What to do: Of the lines below, write out exactly those from the line with "Un lit bien" through the line with "Student poses with her mom", both included, and skip the rest.

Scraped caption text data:
───

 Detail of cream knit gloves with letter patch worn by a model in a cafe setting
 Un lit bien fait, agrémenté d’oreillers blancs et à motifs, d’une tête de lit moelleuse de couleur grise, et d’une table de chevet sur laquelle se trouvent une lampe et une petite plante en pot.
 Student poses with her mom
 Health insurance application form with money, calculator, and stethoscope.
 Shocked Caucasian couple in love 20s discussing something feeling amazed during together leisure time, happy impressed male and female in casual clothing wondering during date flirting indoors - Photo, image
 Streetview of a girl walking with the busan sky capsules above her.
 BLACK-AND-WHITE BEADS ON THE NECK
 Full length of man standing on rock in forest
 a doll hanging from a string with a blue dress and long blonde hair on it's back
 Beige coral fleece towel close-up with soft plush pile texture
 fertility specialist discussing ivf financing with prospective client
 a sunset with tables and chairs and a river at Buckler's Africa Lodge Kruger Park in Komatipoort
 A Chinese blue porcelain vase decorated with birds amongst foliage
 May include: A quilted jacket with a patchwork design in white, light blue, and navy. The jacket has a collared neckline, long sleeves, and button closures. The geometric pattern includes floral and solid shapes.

───

Answer to this task:
 Un lit bien fait, agrémenté d’oreillers blancs et à motifs, d’une tête de lit moelleuse de couleur grise, et d’une table de chevet sur laquelle se trouvent une lampe et une petite plante en pot.
 Student poses with her mom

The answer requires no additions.